Alison took us through her own LinkedIn page and started at the very beginning: the profile picture. She noted that while having a picture is an absolute must, it doesn’t need to be a professional headshot. A picture that shows people your face and who you are is good enough. The background picture, while optional, can add a little character to your page, and is a good tool for creating your personal brand. The subtitle right below your picture defaults to the most recent position you have held or are currently working in. Recognizing that many students multiple positions simultaneously, Alison recommended changing your subtitle to the position that you think best reflects who you are, and possibly including the industry, position, and current location. The ‘about’ section is what follows, and is extremely essential in creating your brand. She suggested writing in either the first or third person and keeping it between 2-7 sentences. This section should convey three simple things: who you are, what you’ve done, and where you want to go. The featured section that follows is helpful to those who want to put up documents, websites, projects, or any sort of work that they have created and can display; this gives recruiters insight into your capabilities.

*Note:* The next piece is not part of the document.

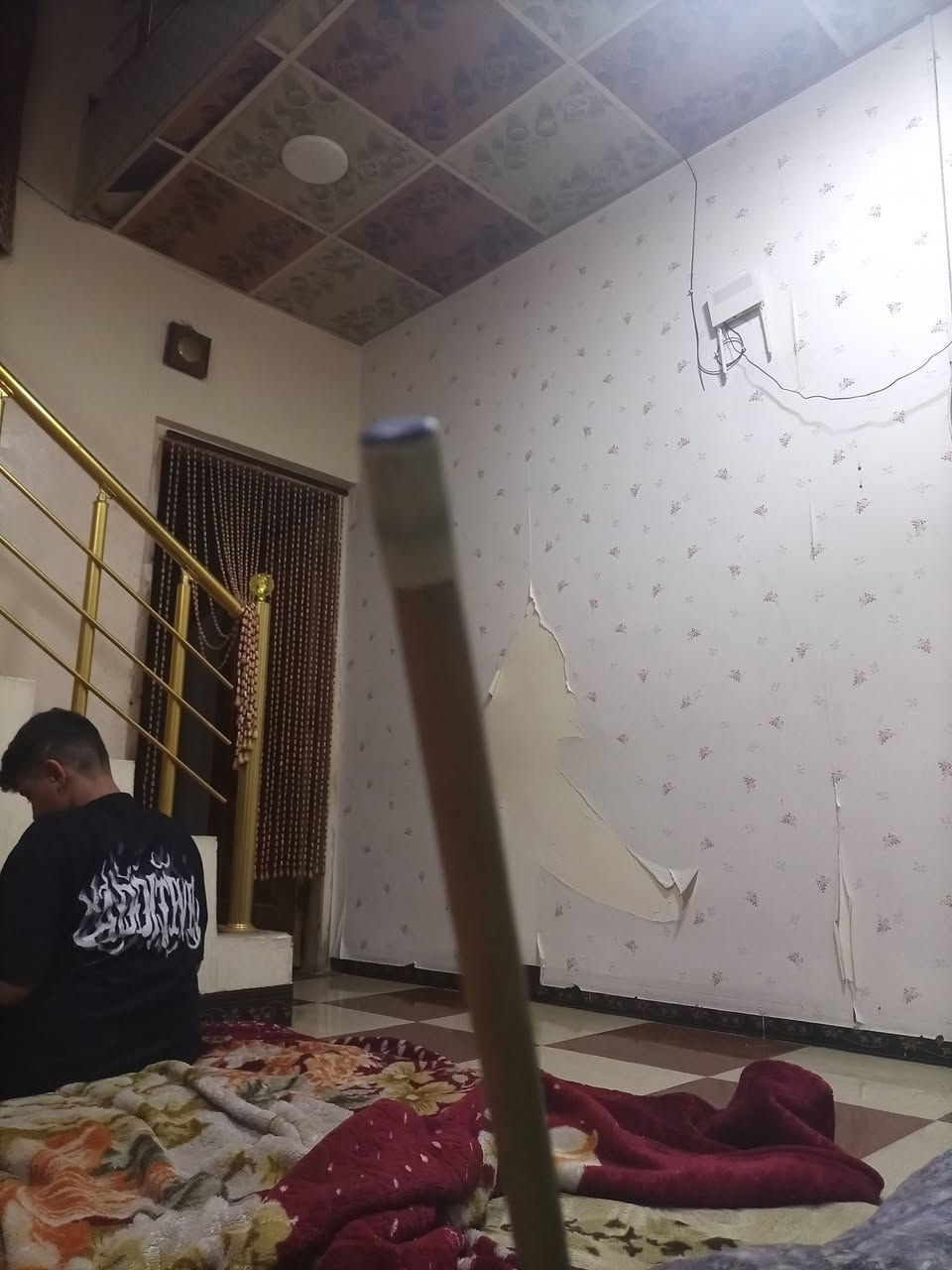 سلام عليكم من رخصت الادمن كيوب بليارد قطعتين  للبيع اي عيب مابي فقط بي فطر خفيف سعر 15مكاني كركوك حي العسكري رقم ***********
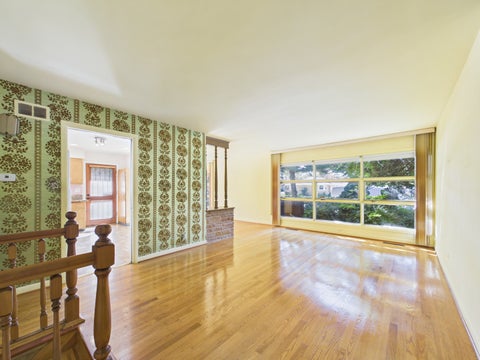 Tiny photo for 7307 N Karlov Avenue, Lincolnwood, IL 60712 (MLS # 12772218)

Along with the ‘about’ section, the ‘education’ and ‘experience’ sections are crucial, as that is what recruiters want to know about you. This section contains information similar to what you put on a resume, but since there is no page or space restriction, Alison noted that you can go into more detail about your work, and add some ‘color’ to the stories you create of yourself. She added that the ‘experience’ section is not solely devoted to paid full-time or part-time jobs but also paid and unpaid internships, academic work, volunteer positions, and so on. She emphasized that this section is more than just a list of your experiences, but serves as a way to showcase your skills and your strengths. She shared a helpful tip around writing about these experiences, saying that you should try to incorporate industry-specific terms; this signals your awareness about the industry, and why you would be a good fit for it.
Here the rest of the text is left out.